- WHAT TO WORK ON
Beginning with the line that contains "Dekalb Middle School Weekly Lesson Plan s4", retype the entries below exactly, ending with the line that contains "Wall mural Aerial". Leave out any pictures.

- INFORMATION
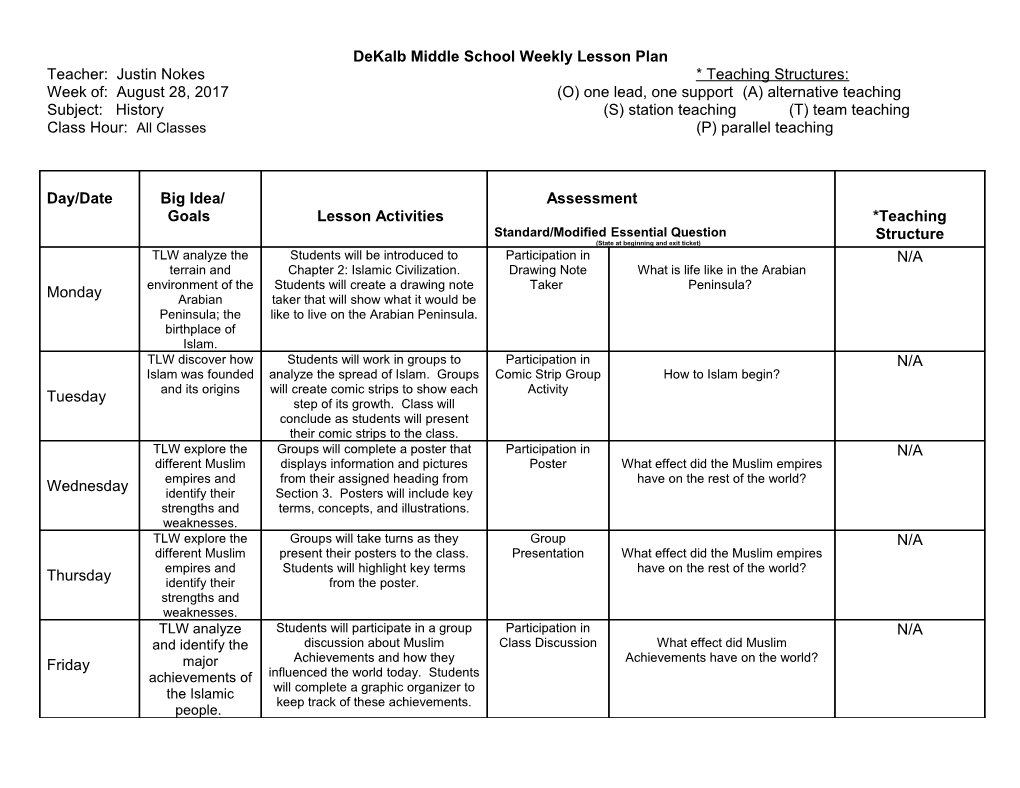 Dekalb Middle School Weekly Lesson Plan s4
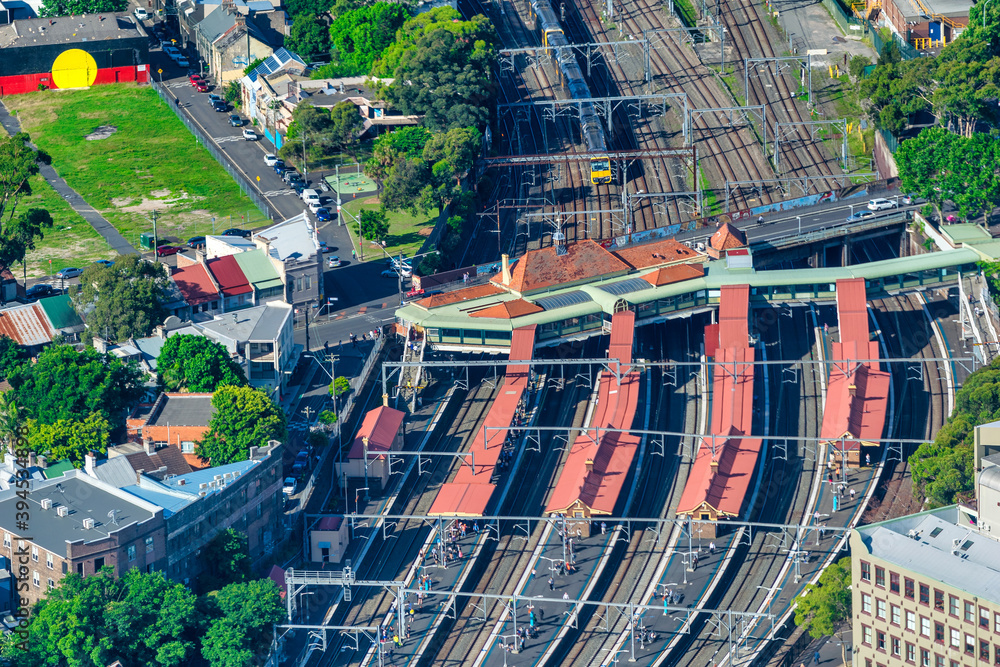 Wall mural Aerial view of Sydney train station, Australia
* * *
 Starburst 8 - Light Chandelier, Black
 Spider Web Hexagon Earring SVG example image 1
* * *
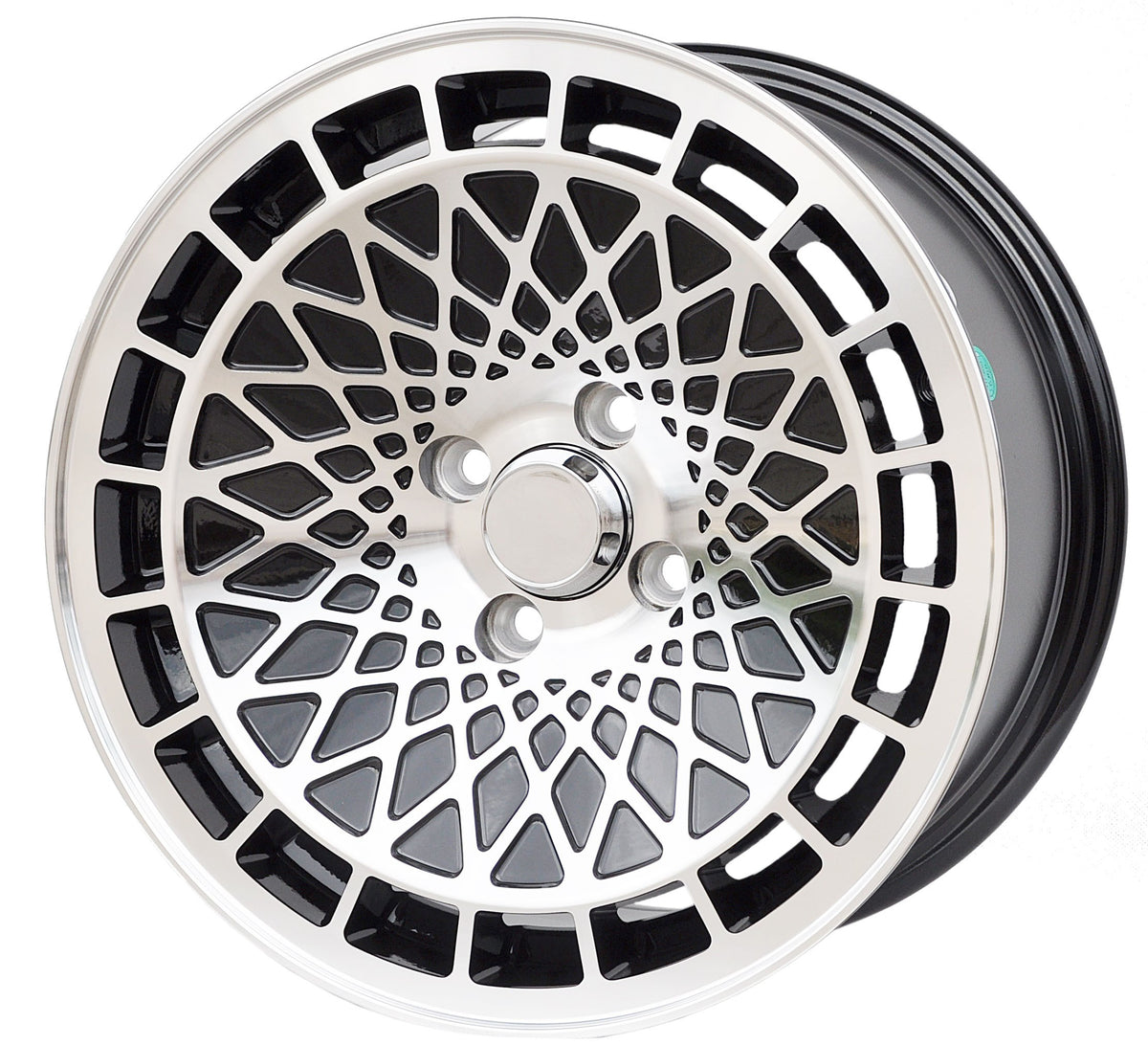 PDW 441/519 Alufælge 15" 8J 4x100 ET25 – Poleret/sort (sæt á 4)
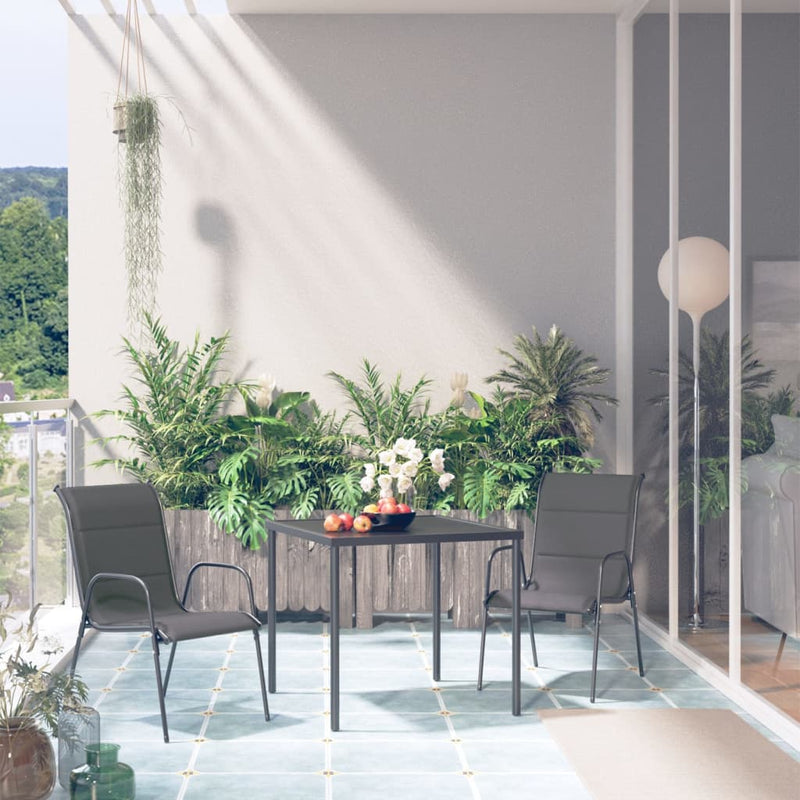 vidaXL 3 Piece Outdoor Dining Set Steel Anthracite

- ANSWER FOR THIS EXERCISE
 Dekalb Middle School Weekly Lesson Plan s4
 Wall mural Aerial view of Sydney train station, Australia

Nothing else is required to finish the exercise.